The Monster That Is Reason
This morning, I’ve been thinking about reasons. The reasons we do something or don’t do something. The reasons we fall in love. The reasons we fight for it. The reasons that move us to change careers, move across the country, and even jump off of cliffs with only a giant rubberband to protect us from going SPLAT.
There is, I think, I difference between a reason and an excuse. Sometimes, the line there is fine and a little grey. Sometimes, an excuse looks like a reasonable facsimile of a reason. And even though a reason might seem pretty, polished, pristine, and noble on the outside – the inside is more like horseshit and rotten eggs.
The honest truth is that I rather detest simplicity in that I don’t want what comes easily. I find anything that simply drops into my lap highly suspicious. Because I believe in hard work. I believe in fighting for beliefs. I believe in fighting for change. I believe in fighting for someone. I am, sometimes, incredibly shy. I am not a naturally good speaker when I’m emotional – meaning, my first instinct is to totally shut down and go mute. Not exactly constructive. So, that’s a thing I’ve always worked on.
Sometimes, you watch someone make a choice. And as they do this (possibly in a moment of panic), they ask you something unthinkable. We do this, as people – we ask impossible things of those we love. Or think we love. Or think love us. Because, simply put, when our hearts are involved, everything is messy. It’s complicated. And we become off-key trumpet players in a crazy ass parade.

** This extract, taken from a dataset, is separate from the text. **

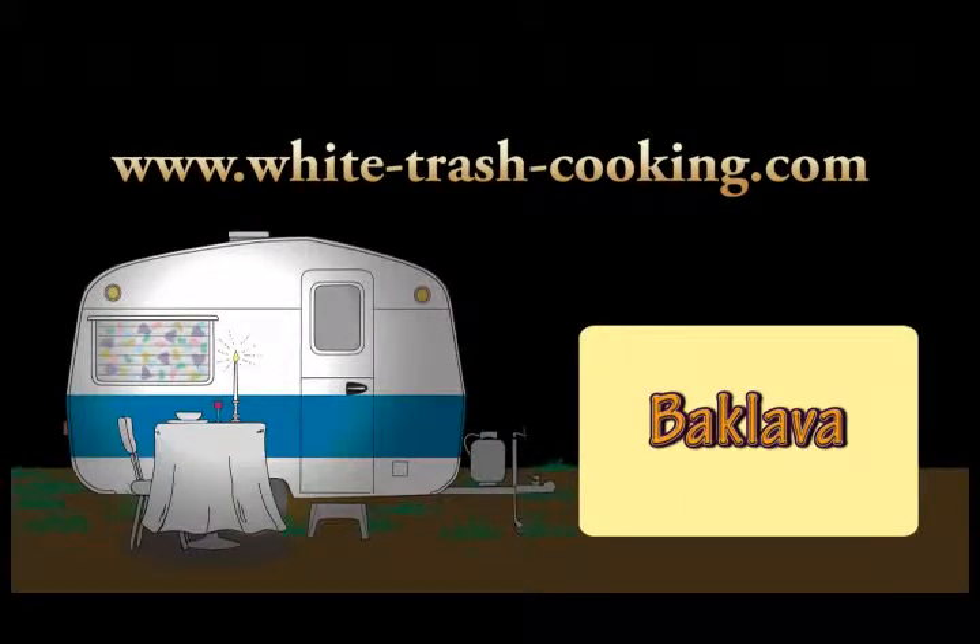Hello, my name is Dennis and welcome to my Trailer Park White Trash Mobile Home Kitchen. I really do live in a mobile home, in a trailer park, and this is my kitchen.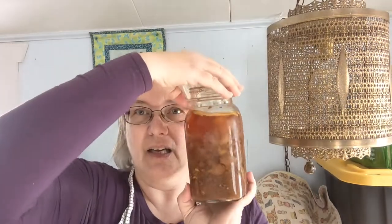Hi everybody, it's Kim over at Life Prepared. I have a quick tip for you. If you live in an area like I do that has very hard water and your canning jars turn out looking like this, I'm going to show you how to get them to look like this very quick.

The funny thing is that love allows us to at least attempt the impossible for the sake of another person. And being in love with someone means putting that other person first, occasionally to our own determinate. So, even if you ask me something that leaves me feeling like half-dead unfortunate roadkill, I will try. Because to me, it’s what you need. Or think you need. Or are pretending to need, because maybe it’s…safer. And me? I am many things, but none of them are easy.
In relationships of all kinds, we are all walking risks. No relationship is ever perfect. It’s never going to be something you’d find on Sesame Street. And that’s okay. Because this is life, and life is messy. But I’ve never been a fan of taking the easy way out, even if it’s for a supposed noble reason. Sometimes, though, the alternative is scary. Because it means change. It means big change. For that to happen, you have to want it. Instead, it’s often easier to just push the other option aside, bury the idea under the rug, and carry on.
But there’s one thing I know, it’s that shoving something out of sight doesn’t alter its existence. It doesn’t alter its effect, either. It might be a quick, temporary bandaid, but it doesn’t fix what’s actually broken. Sometimes, the honest truth is that there is no repair for something, for a situation.
Let’s give a hypothetical. Let’s say that a given situation is an equation with multiple variables. You remove one of the variables to make the equation less complicated, simpler. Doing that might make it look easier to tackle, but it doesn’t actually fix anything. The equation is still a problem, without a solution.
If you’re trying to repair something, you can’t just remove the complicated bit and hope it still functions. That’s like taking a broken carburetor out of an engine and not replacing it. Sure, you’re taken out what’s faulty, but that doesn’t make the car run. It doesn’t make the engine work.
There are so many reasons we take the easy way out. Where we fling ourselves on our Roman swords for motivations that look good on paper. It seems right. It sounds good. It’s a thing you can point to and say, “Look at what I just sacrificed. Look at what I gave up.”
But I cannot say that’s inherently noble. I cannot say that the reason given is necessary good enough, though often times that isn’t my thing to judge. But, to quote from Scandal, “you give for what you love.” Sometimes, darlings, the only thing you have to give is yourself. No matter how much your hands are shaking or the words are coming out wrong.
Love is never a habit. It is a kind of gravity. And gravity doesn’t just disappear because you close your eyes and pretend it’s not there.
Beautifully-written.
Thanks, Liz. ❤
“…shoving something out of sight doesn’t alter its existence.”
Very well put. I like to relate to this to the idea of “no contact” after painful breakups. The idea is “out of sight, out of mind”, move on, etc., but the truth is that “no contact” is a bandaid because the memories still stay with you if the relationship was meaningful, and that person will haunt you until you deal with your own emotional demons. Life sure is a bitch.